Indexing in SQL Server 7.0/2000

  • I want to make sure I have this right about indexing...

    For tables that have a clustered index: A non-clustered index is used to search down to the clustered index key. Then, using the clustered key, a completely new search must be performed on the clustered index to get to the data. Is this right so far?

    Now to search a clustered index, is it true that when the index search hits the leaf page (i.e. data), it will start at the logically first matching record in the chain, then it must sequentially search forward until finding an exact match. SQL Server tags non-unique cluster indexes with a "uniqueness" tag for this purpose.

    Hence, creating a clustered index with high density will be costly because non-clustered searches must sequentially search through "clusters" in the clustered index leaf pages.

    Do I have this right?

  • Hi

    Not quite (others please correct me!). The cluster index IS a b*tree index as the word "index" defines, but it also defines the storage of data in the table, hence data is stored ("clustered") around the key. The main benefit is the storage of data in the cluster, so you dont have to do another read to from the index leaf to the actual data as the leaf entry contains all the data. From what I understand, the leaf also stores a pointer to the next leaf in sequence for fast full table scans. Unlike other non-clustered indexes. As the clustered index defines the tables storage only 1 can be created against the table (so pick it carefully for maximum benefit).

    Also, dont expect all storage to be sequential.

    In the end, multiple index scans is only required if it really needs it, and creating a single cluster index on a table with no other indexes doesnt magically create another index in the back-ground.

    Cheers

    Chris


    Chris Kempster
    www.chriskempster.com
    Author of "SQL Server Backup, Recovery & Troubleshooting"
    Author of "SQL Server 2k for the Oracle DBA"

  • Hi there

    I just read a short paragraph from a performance tuning book by England. He basically says what you stated and I can see your point now. Basically, as the cluster index "is/defines" the storage of the table, a non-cluster index will then result in a series of reads on the non-cluster then even more reads down the cluster index to locate the data.

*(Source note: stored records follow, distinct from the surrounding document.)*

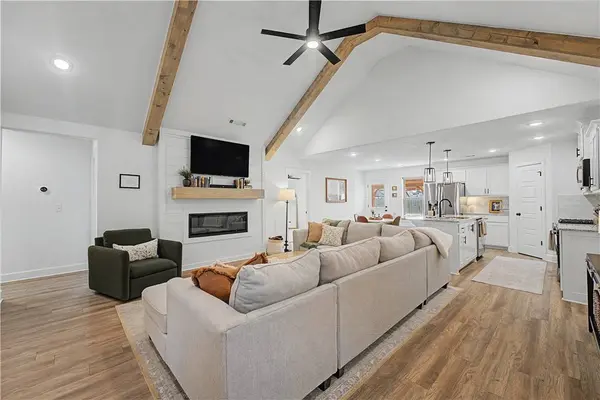 1011 Monarch Rd, Centerton, AR 72719
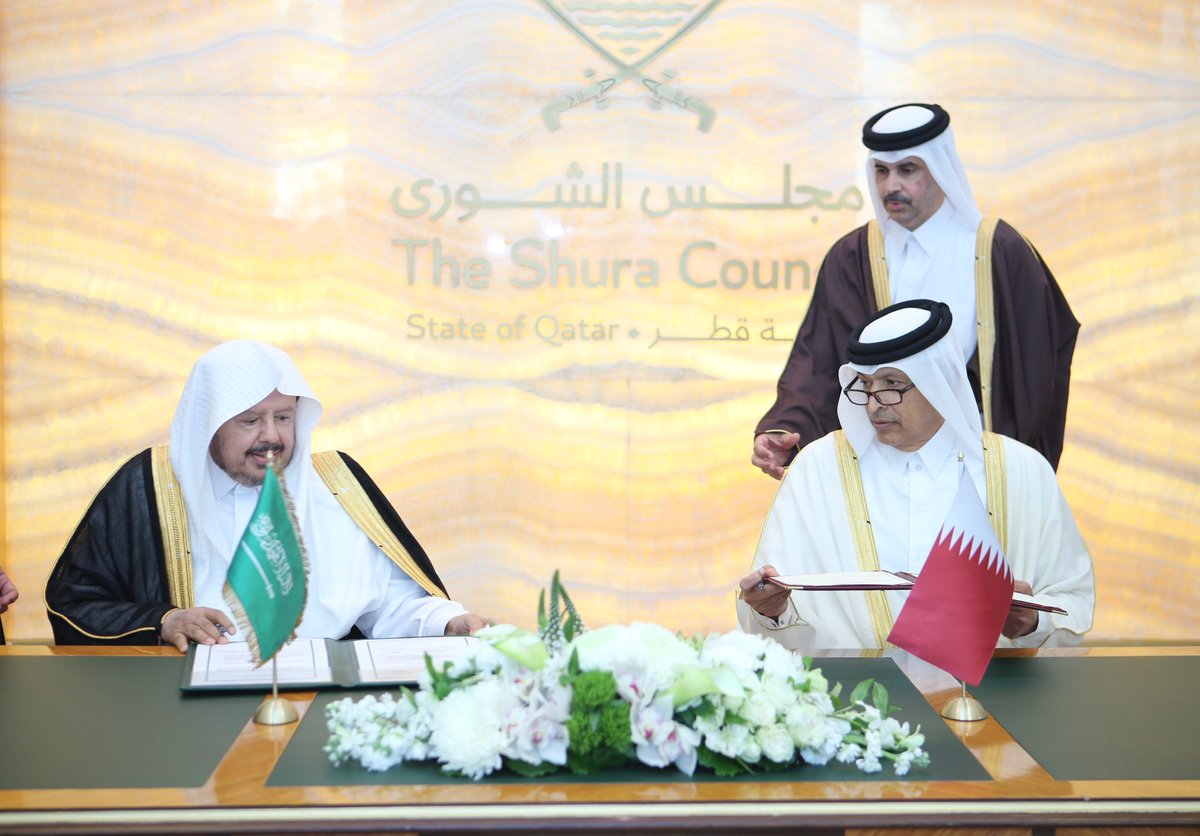 معالي #رئيس_مجلس_الشورى الشيخ الدكتور عبدالله بن محمد بن إبراهيم آل الشيخ ورئيس مجلس الشورى القطري حسن بن عبدالله الغانم يوقعان مذكرة تفاهم للتعاون المشترك بين مجلس الشورى في المملكة العربية السعودية ومجلس الشورى في دولة قطر.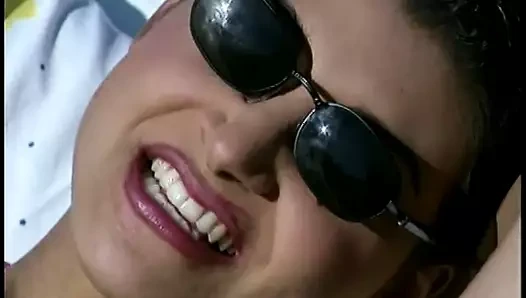 İki kadın birbirini sikiyor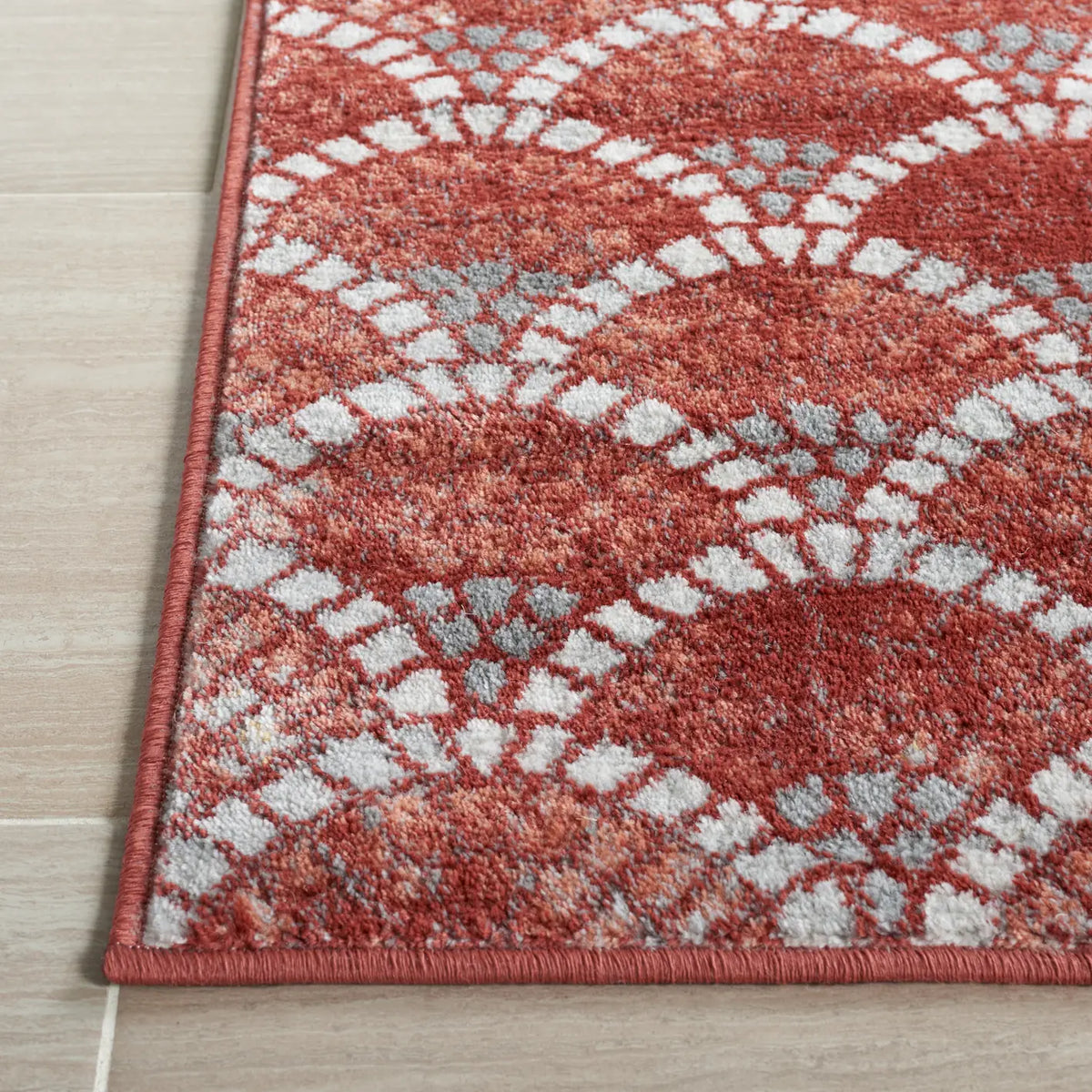 Safavieh Lagoon 4'-5" x 6'-5" Rug in Brown / Ivory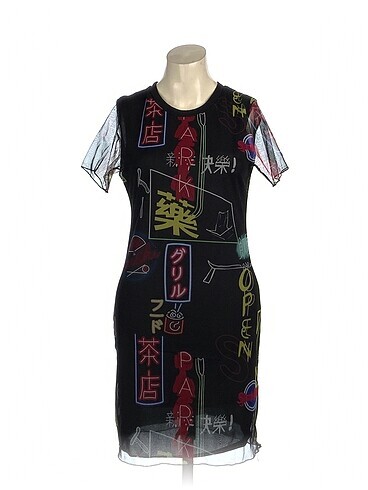 PreLoved Kısa Elbise %70 İndirimli.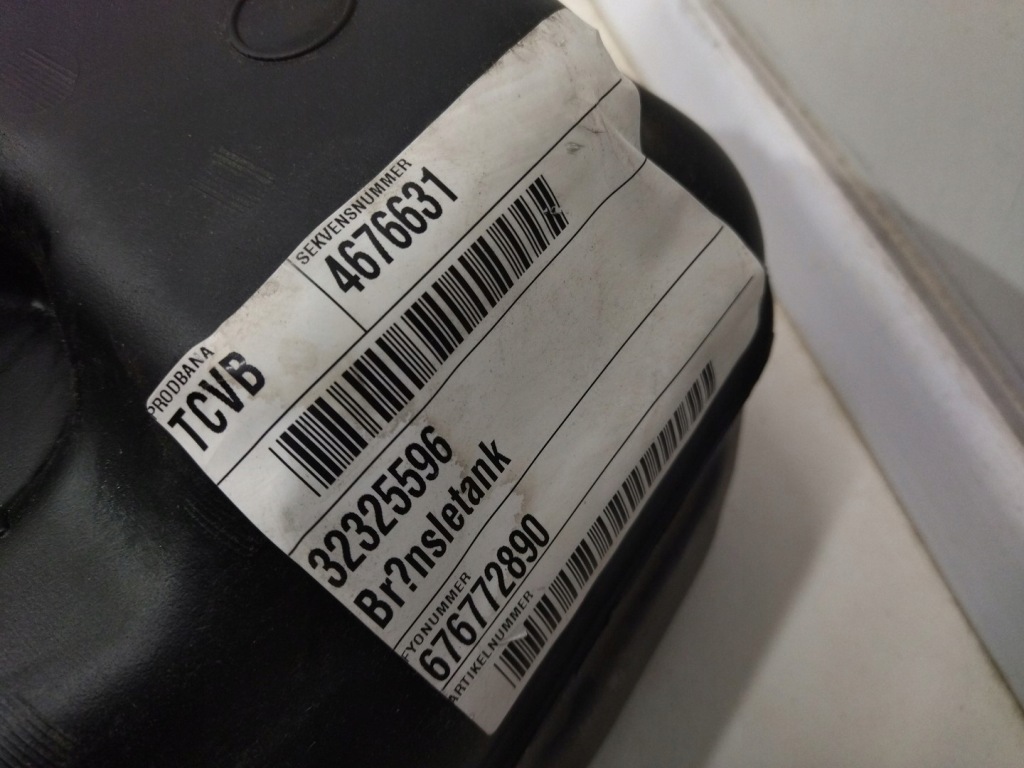 32325596 бак пального насос пального бензин volvo xc60 ii Оригінал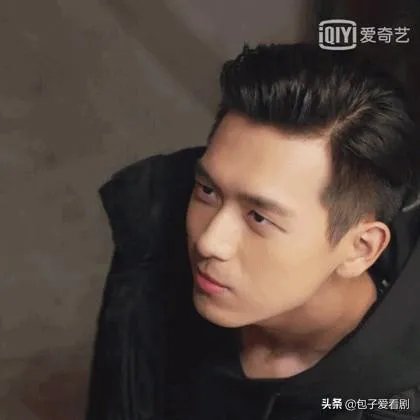 电视剧《亲爱的，热爱的》里面的主演李现，几天微博粉丝突破1000万，你怎么看？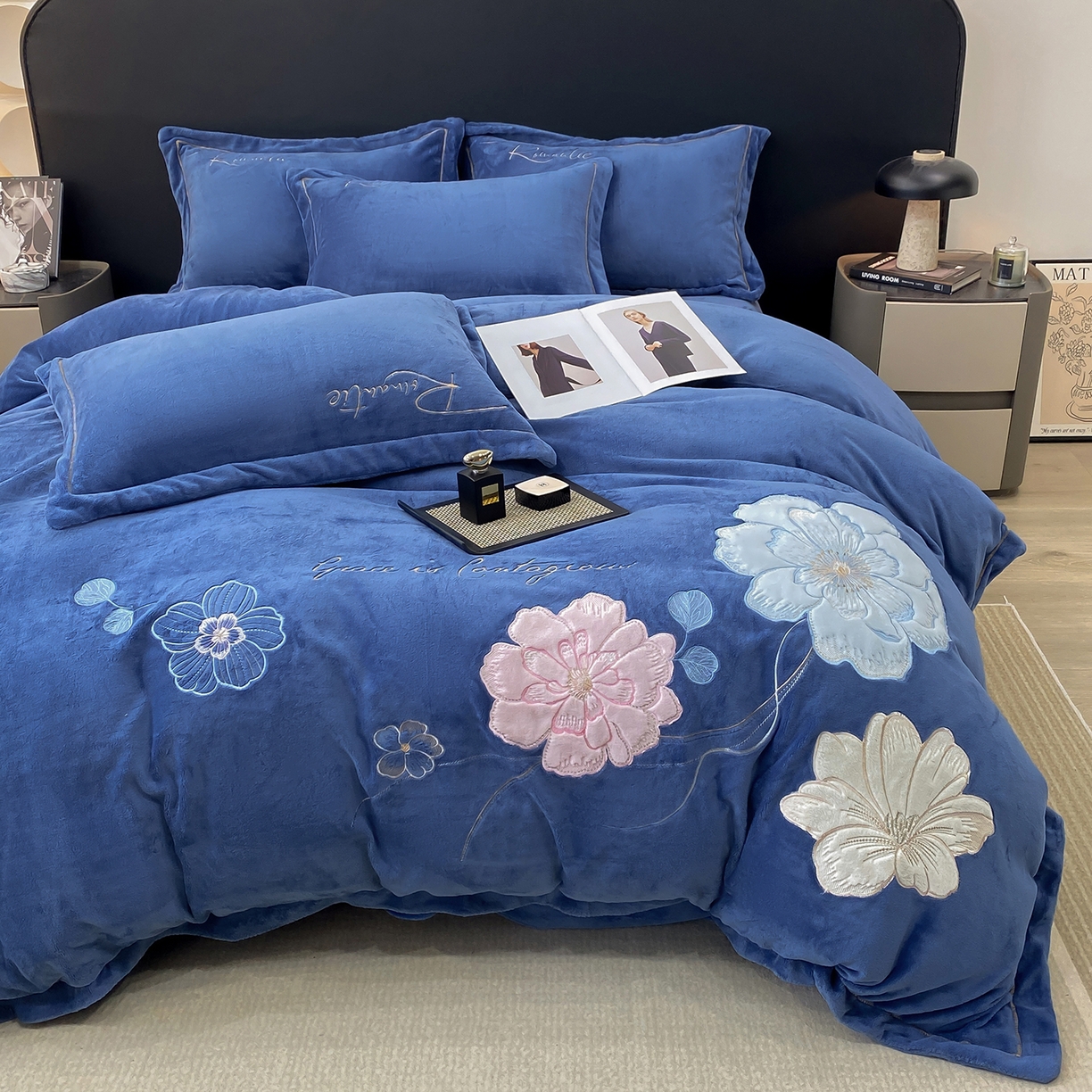 91家纺网 家纺一手货源 找家纺 （总）悦织湾家纺 2025新款9斤重牛奶绒四件套纯色贴布绣人件富贵系列240克重高密保暖轻奢时尚床上用品4件套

    I am not sure if this is correct though. I cant believe that this would happen. Surely the lookup from the non-clustered b*tree index at the leaf will point directly to the data and NOT the top of the clustered index (in ALL cases)..

    Can anyone enlighten me?

    Cheers

    Chris


    Chris Kempster
    www.chriskempster.com
    Author of "SQL Server Backup, Recovery & Troubleshooting"
    Author of "SQL Server 2k for the Oracle DBA"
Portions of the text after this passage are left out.